For some of you, this culture is old news . . . for others, you may have never heard of it. Jun is a cultured food similar to kombucha but supposedly its own separate thing. It is brewed with a SCOBY culture that is light in color and is made using green tea and honey. It ferments for a few days less than kombucha and has a wonderfully tangy floral taste that is lighter than traditional kombucha. There is VERY little history on Jun, unlike kombucha which can be dated back thousands and thousands of years. Jun is said to have been brought over by travelers who visited a monastery in the Himalayas and discovered this “unique” and wonderful drink. It is said to be “sacred.”

According to food writer Sandor Katz, “The lack of credible information on the history of Jun leads me to the conclusion that it is a relatively recent divergence from the kombucha family tree. Some websites claim that it comes from Tibet, where it has been made for 1000 years; unfortunately, books on Tibetan food, and even a specialized book on Himalayan ferments, contain no mention of it. Whether or not it has a 1,000-year-old history, it is quite delicious.”

Jun Kombucha

Is Jun really kombucha made with honey?

This, in our personal opinion, is more likely. In the past I have not recommended the substitution of honey (especially raw honey) in place of sugar to make kombucha (due to honey’s naturally antimicrobial qualities), after MONTHS of experimenting, we have made dozen and dozens of very healthy batches of “Jun” using a kombucha SCOBY and kombucha starter tea.
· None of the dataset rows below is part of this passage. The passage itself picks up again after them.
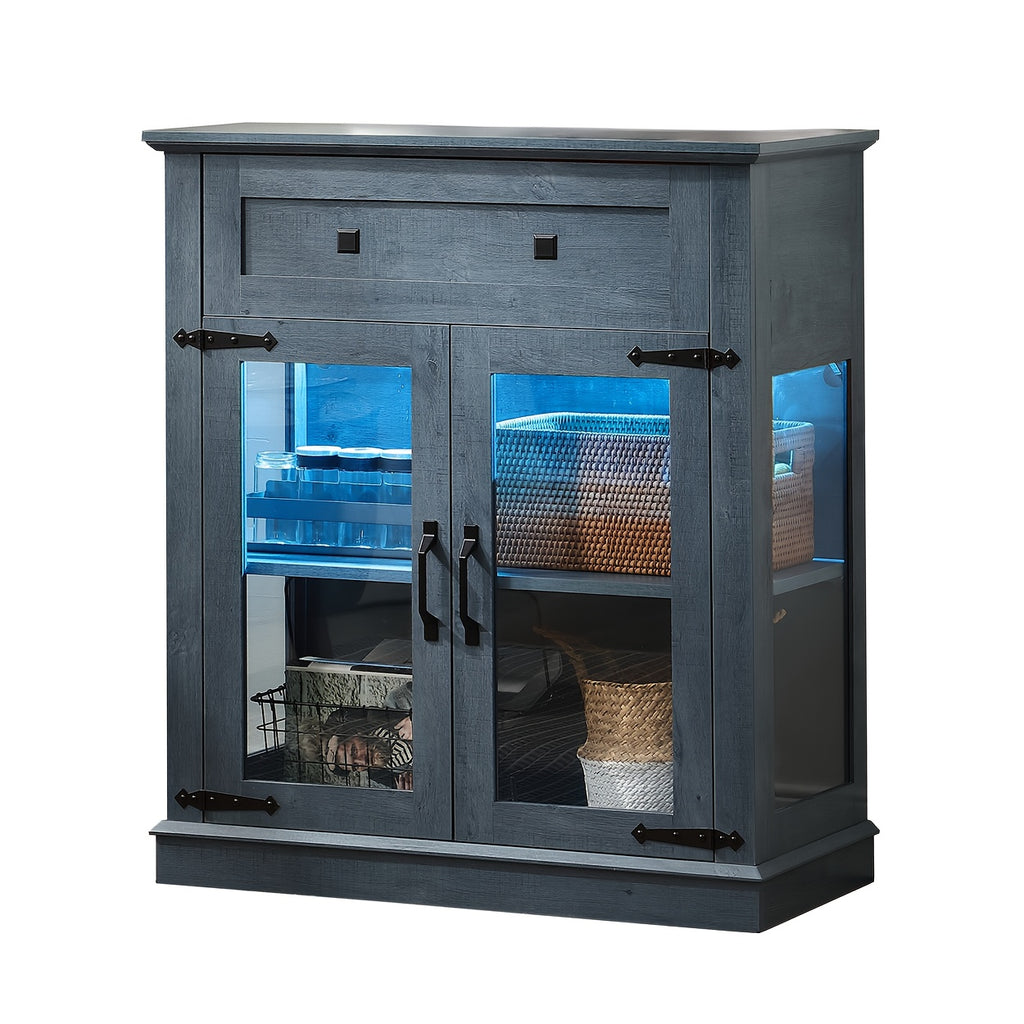 Contemporary Blue Buffet Cabinet with Glass Doors & Adjustable Shelves - 3.2+ Cubic Feet Storage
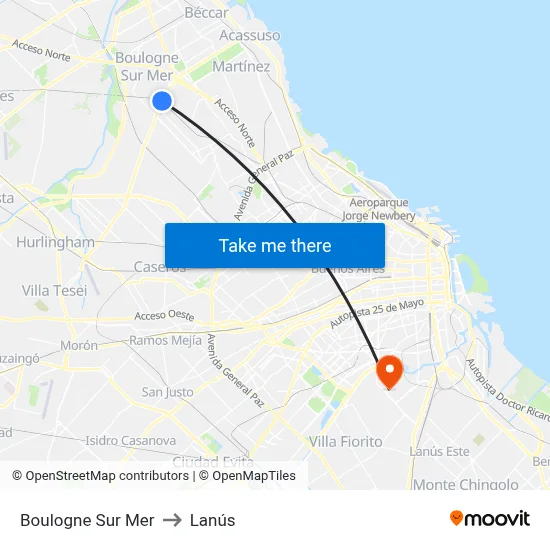 Boulogne Sur Mer to Lanús map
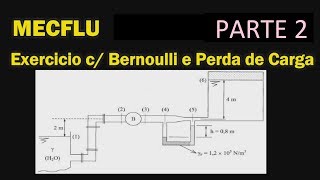 Mecflu Perda de Carga e Bernoulli EXERCICIO COMPLETO  parte 2 [upl. by Orsa]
In the beginning, we tried to ease the SCOBY into it using only 1/4 cup of sugar and 3/4 cup of honey and increasing it every week, but after weeks of wonderful brews we dove right in and took a brand new SCOBY and starter tea and made a batch using all honey. And voila! Success! We’ve repeated this process dozens of times, including using raw honey (which would no longer be raw once added to boiling or hot water) and each brew has turned out great!

Remember that honey is a prebiotic too and this feeds good bacteria and makes it grow – which is a very good thing.

No need for a Jun-specific culture

Yeast Sediment

In our opinion, there is no need for a separate Jun-specific culture. Just use a SCOBY from your kombucha and brew away!

A few notes: *This will produce a very light SCOBY as the ingredients you will be using are light in color and this is normal. It is said to produce better at cooler temperatures, although I haven’t found this to be the case. But again, we are using a traditional kombucha SCOBY. However, I have tasted both “authentic” Jun and our own honey “Jun” Kombucha and could tell no difference.

*Our Jun/honey kombucha seems to produce MORE yeast sediment than (sugar) kombucha as seen in the bottom of our brews. So don’t be concerned if you notice this. It’s just the process of fermentation when you’re using honey.

Does Jun have more alcohol?

It is said that Jun can have UP TO 2% alcohol (first ferment). However, we do know a kombucha brewer who has started a wonderful kombucha bar in Tustin, California. She makes “authentic” Jun and has had it, as well as her regular kombucha, tested in lab and hasn’t seen any difference in alcohol content. She finds her Jun brews to be very, very low alcohol content, just like kombucha. But, you would have to personally test your Jun to be one hundred percent sure of the alcohol content, so keep this in mind. It may not be as friendly a ferment in this regard. Personally, we didn’t notice a difference until we second fermented it. When second fermenting with Jun/honey kombucha, the alcohol content can rise if you are not careful. Do not second ferment Jun/honey kombucha that is very sweet or you will wind up with a more alcoholic beverage. Honey is highly beneficial and the flavor of the Jun/honey kombucha by itself, with no second fermenting, is carbonated and lovely and has its own unique benefits due to the benefits found in honey itself. So don’t be scared!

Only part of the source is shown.